-- Task to complete --
Return exactly the line that contains "Athletic Top Short" and all lines beneath it in the entries, through the very last one.

-- Data listing --
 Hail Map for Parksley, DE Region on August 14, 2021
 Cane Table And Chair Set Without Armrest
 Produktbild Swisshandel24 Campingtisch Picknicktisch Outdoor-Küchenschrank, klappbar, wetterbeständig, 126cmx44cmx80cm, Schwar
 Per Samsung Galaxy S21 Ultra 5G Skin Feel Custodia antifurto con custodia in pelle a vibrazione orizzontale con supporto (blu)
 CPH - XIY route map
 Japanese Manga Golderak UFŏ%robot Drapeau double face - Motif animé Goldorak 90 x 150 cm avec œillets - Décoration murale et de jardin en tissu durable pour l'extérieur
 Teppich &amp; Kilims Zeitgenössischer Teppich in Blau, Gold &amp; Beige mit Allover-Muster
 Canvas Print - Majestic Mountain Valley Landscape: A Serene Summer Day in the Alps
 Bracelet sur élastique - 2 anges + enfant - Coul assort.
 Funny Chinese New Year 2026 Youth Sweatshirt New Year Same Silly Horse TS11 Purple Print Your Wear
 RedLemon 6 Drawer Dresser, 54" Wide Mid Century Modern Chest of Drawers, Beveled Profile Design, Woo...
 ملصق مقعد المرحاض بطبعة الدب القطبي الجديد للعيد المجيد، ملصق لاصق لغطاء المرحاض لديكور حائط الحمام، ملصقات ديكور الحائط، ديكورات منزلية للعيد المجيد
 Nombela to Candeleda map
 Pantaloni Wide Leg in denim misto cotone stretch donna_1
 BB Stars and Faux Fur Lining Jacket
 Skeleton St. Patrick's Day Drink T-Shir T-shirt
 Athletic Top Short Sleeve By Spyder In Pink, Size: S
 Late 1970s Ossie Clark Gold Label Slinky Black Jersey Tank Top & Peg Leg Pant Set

-- Response for this exercise --
 Athletic Top Short Sleeve By Spyder In Pink, Size: S
 Late 1970s Ossie Clark Gold Label Slinky Black Jersey Tank Top & Peg Leg Pant Set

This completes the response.